Moreover, the formation of a feature on, connected to, and/or coupled to another feature in the present disclosure that follows may include embodiments in which the features are formed in direct contact, and may also include embodiments in which additional features may be formed interposing the features, such that the features may not be in direct contact. In addition, spatially relative terms, for example, “lower,” “upper,” “horizontal,” “vertical,” “above,” “over,” “below,” “beneath,” “up,” “down,” “top,” “bottom,” etc. as well as derivatives thereof (e.g., “horizontally,” “downwardly,” “upwardly,” etc.) are used for ease of the present disclosure of one feature's relationship to another feature. The spatially relative terms are intended to cover different orientations of the device including the features.
Further, when a number or a range of numbers is described with “about,” “approximate,” and the like, the term is intended to encompass numbers that are within a reasonable range considering variations that inherently arise during manufacturing as understood by one of ordinary skill in the art. For example, the number or range of numbers encompasses a reasonable range including the number described, such as within +/−10% of the number described, based on known manufacturing tolerances associated with manufacturing a feature having a characteristic associated with the number. For example, a material layer having a thickness of “about 5 nm” can encompass a dimension range from 4.25 nm to 5.75 nm where manufacturing tolerances associated with depositing the material layer are known to be +/−15% by one of ordinary skill in the art. Still further, the present disclosure may repeat reference numerals and/or letters in the various examples. This repetition is for the purpose of simplicity and clarity and does not in itself dictate a relationship between the various embodiments and/or configurations discussed.

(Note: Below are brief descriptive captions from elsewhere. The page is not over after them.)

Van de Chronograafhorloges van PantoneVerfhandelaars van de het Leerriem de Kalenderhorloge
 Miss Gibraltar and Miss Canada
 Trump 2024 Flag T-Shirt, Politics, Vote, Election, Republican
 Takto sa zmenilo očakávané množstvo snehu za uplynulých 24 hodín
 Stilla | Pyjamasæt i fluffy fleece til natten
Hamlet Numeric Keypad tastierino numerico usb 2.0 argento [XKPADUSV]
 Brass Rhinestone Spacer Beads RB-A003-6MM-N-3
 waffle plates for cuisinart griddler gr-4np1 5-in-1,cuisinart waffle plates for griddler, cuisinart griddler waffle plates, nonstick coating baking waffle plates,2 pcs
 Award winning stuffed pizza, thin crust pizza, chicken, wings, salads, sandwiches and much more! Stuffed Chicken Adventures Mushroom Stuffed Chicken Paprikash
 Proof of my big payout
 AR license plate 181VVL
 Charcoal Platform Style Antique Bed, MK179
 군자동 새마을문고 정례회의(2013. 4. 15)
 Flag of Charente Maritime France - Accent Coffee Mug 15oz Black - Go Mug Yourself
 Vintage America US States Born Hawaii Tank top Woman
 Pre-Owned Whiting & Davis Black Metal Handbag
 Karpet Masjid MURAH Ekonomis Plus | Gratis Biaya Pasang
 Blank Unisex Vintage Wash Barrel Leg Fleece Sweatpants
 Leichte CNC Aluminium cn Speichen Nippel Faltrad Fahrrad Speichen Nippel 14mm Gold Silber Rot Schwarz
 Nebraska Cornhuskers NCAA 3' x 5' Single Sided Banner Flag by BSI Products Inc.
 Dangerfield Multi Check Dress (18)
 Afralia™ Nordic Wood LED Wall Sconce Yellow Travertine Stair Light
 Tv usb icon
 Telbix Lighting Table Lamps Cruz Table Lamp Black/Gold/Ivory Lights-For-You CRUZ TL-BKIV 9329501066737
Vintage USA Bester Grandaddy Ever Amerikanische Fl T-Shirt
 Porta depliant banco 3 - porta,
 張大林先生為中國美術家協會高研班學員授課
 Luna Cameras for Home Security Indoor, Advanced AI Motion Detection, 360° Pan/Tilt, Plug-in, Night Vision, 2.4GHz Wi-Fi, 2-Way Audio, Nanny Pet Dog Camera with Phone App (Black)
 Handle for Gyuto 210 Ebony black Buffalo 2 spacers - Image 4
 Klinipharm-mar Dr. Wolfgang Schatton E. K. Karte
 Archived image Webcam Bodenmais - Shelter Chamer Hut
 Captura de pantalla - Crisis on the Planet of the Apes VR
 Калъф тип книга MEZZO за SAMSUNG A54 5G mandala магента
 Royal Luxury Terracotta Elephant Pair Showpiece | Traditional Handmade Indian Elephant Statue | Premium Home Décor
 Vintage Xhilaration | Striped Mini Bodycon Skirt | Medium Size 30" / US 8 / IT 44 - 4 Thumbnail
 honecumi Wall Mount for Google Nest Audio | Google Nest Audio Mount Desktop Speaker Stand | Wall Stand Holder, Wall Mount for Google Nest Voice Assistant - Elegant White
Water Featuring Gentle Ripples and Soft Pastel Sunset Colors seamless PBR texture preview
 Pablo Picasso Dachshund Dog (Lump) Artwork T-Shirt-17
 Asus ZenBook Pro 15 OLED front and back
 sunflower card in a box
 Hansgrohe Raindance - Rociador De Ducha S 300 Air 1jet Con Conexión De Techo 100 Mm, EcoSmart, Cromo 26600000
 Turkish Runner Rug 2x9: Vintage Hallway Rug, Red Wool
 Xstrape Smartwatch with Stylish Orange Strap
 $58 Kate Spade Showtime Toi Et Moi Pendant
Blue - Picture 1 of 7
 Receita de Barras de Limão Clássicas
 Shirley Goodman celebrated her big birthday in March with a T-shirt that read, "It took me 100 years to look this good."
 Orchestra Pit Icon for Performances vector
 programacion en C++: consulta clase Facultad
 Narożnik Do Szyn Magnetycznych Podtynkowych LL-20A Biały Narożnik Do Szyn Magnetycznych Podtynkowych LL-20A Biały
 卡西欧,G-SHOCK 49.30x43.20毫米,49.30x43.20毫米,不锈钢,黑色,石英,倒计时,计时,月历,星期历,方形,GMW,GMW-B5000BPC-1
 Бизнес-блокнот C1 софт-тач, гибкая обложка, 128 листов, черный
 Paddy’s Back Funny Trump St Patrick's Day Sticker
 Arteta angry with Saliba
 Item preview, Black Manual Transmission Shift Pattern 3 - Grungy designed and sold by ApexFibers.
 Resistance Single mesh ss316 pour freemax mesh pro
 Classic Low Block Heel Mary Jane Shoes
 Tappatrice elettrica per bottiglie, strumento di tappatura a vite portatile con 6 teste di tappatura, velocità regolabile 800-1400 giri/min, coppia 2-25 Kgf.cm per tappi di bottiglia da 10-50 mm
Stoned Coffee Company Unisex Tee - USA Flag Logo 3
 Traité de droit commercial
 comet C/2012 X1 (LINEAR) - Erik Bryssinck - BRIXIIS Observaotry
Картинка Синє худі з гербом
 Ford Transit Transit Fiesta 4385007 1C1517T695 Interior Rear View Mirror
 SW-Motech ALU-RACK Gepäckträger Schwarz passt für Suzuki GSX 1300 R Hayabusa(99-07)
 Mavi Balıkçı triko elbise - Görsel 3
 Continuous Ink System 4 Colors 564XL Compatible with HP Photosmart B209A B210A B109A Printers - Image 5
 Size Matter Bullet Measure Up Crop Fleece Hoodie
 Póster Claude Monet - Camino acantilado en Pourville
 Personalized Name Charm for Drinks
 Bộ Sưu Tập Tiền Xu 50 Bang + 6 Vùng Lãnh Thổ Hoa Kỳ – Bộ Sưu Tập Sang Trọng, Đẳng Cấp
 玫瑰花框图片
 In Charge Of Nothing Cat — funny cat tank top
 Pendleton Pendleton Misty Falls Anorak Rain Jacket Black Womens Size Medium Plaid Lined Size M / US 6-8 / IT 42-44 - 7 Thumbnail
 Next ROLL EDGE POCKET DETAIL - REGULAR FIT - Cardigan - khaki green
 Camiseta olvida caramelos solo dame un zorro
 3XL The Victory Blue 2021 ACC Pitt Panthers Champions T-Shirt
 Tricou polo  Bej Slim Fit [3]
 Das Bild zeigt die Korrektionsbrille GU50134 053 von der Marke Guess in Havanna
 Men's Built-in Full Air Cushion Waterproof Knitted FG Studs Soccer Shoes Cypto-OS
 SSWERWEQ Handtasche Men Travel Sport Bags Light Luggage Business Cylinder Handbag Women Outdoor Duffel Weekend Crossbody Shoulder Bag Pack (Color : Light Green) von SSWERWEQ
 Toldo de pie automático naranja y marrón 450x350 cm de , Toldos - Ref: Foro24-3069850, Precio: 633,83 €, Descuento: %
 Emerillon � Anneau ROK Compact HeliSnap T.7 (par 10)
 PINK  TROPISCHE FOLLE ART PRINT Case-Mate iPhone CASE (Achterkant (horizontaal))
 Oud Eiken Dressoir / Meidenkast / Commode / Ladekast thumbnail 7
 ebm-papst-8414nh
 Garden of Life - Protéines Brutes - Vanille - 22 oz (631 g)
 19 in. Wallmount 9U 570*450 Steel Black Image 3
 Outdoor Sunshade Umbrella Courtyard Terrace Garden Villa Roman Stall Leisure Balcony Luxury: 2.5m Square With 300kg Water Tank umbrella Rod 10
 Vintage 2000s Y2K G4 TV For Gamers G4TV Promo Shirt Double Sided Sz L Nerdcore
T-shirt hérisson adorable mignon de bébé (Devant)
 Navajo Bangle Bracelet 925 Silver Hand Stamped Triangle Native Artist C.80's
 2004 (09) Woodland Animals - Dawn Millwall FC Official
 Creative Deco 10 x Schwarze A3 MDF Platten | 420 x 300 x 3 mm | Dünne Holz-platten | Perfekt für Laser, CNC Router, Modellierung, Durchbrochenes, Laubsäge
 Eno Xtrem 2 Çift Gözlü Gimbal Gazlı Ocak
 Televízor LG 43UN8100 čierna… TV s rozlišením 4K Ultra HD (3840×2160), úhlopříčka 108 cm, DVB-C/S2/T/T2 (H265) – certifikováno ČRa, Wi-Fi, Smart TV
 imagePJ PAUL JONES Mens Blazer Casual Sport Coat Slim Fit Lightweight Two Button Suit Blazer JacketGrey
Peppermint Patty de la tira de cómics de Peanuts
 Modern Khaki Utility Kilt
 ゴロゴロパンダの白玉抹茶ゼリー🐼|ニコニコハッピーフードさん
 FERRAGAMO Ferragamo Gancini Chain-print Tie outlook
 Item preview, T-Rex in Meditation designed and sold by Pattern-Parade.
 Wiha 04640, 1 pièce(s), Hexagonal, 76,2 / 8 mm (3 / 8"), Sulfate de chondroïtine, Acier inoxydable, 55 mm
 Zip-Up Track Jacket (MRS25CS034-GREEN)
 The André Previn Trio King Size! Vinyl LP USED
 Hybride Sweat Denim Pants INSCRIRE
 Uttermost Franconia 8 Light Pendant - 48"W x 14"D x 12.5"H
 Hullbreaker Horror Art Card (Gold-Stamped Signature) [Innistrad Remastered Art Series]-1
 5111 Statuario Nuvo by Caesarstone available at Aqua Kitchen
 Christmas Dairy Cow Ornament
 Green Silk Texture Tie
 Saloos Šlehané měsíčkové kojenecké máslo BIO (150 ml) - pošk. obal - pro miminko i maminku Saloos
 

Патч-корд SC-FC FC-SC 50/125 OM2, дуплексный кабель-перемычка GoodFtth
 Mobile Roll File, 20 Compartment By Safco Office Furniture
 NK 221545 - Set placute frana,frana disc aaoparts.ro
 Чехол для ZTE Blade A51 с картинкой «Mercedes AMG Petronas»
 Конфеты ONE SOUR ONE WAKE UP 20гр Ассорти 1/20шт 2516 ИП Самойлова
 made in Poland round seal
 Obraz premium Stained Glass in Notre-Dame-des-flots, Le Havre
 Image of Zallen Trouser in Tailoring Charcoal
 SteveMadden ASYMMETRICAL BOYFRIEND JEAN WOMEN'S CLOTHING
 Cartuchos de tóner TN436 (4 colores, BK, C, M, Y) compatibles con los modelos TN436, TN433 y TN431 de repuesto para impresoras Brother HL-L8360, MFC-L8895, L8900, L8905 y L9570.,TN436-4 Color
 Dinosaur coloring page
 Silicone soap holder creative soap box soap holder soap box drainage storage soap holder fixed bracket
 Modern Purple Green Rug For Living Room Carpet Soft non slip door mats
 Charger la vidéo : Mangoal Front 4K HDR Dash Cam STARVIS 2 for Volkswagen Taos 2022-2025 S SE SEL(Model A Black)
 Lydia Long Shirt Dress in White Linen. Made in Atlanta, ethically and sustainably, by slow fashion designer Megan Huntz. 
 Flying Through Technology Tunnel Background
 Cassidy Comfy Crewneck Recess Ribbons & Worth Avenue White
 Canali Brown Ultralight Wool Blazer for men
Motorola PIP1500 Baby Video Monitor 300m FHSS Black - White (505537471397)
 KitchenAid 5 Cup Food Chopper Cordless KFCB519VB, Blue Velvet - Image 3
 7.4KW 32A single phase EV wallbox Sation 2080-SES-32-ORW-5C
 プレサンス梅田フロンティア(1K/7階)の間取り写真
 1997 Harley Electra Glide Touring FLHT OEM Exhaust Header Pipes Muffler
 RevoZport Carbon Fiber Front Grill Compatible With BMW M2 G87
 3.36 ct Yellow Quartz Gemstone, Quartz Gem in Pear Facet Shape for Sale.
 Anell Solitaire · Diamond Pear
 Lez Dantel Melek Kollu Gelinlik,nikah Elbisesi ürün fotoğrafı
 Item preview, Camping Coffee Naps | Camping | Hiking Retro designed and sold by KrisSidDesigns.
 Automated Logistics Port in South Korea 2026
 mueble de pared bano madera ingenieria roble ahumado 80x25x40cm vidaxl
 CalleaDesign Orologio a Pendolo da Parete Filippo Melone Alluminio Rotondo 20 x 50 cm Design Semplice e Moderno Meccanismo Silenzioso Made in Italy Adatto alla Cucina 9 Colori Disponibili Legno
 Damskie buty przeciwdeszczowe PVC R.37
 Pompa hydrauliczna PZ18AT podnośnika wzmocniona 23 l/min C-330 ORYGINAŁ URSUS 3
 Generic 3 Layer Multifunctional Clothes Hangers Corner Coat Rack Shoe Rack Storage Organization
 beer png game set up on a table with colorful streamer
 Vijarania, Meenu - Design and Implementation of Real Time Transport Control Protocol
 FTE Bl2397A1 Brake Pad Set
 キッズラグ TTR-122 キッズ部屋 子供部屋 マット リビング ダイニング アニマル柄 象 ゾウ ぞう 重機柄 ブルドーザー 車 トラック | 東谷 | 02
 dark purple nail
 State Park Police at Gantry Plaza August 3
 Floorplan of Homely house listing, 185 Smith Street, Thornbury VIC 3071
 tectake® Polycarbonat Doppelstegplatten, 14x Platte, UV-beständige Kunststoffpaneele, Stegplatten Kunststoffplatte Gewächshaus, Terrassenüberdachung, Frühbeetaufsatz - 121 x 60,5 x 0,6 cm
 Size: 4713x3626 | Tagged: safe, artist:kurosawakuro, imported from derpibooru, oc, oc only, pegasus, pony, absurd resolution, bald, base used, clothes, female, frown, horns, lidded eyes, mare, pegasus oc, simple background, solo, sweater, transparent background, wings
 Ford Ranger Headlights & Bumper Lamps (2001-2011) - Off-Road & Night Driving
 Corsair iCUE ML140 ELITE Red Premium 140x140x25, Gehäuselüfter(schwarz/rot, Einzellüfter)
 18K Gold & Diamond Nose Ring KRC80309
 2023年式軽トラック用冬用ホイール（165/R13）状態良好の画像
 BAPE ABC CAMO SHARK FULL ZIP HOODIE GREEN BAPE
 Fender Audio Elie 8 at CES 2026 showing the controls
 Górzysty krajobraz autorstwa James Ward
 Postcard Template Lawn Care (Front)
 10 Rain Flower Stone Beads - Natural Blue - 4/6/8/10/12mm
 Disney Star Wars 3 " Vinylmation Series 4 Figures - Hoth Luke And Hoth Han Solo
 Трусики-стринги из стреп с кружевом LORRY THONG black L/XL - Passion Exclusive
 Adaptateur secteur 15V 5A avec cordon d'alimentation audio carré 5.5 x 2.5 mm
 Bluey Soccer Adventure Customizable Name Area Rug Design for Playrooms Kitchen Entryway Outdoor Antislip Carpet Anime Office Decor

An image sensor may include an array of pixels arranged in two dimensions. Each of the pixels includes a photodiode and a number of transistors (e.g., transfer gate transistor) formed in a pixel region. Generally, the photodiode includes an n-type region having a gradient doping profile to increase charge transfer from the photodiode to a floating diffusion region of the pixel. According to the gradient doping profile, a dopant concentration of an upper portion of the n-type region that is closer to a gate structure of the transfer gate transistor is higher than a dopant concentration of a lower portion of the n-type region of the photodiode that is further away from that gate structure. In some existing technologies, form the n-type region of the photodiode in a small pixel includes forming a thick photoresist layer over a p-type substrate, patterning the thick photoresist layer to form a patterned thick photoresist layer, and performing ion implantation processes while using the patterned thick photoresist layer as an implantation mask. However, for devices having small pixel pitches, the patterned thick photoresist layer may collapse due to its high aspect ratio (i.e., a ratio of its thickness to its width), leading to unsatisfactory implantation results and degraded pixel's performance. In addition, deep trench isolation (DTI) structures have been picked as a promising approach for isolating neighboring pixels of CMOS image sensors. During the manufacturing of the image sensors, surface defects (e.g., dangling bonds) may be formed in a region of a semiconductor substrate adjacent to the sidewall of the DTI structure. Such surface defects may thermally generate electric charges even without any incident light. If left untreated, the surface defects may produce dark currents, leading to white pixels. It is desirable to increase passivation along the entire sidewall of the DTI structure to reduce the surface defects.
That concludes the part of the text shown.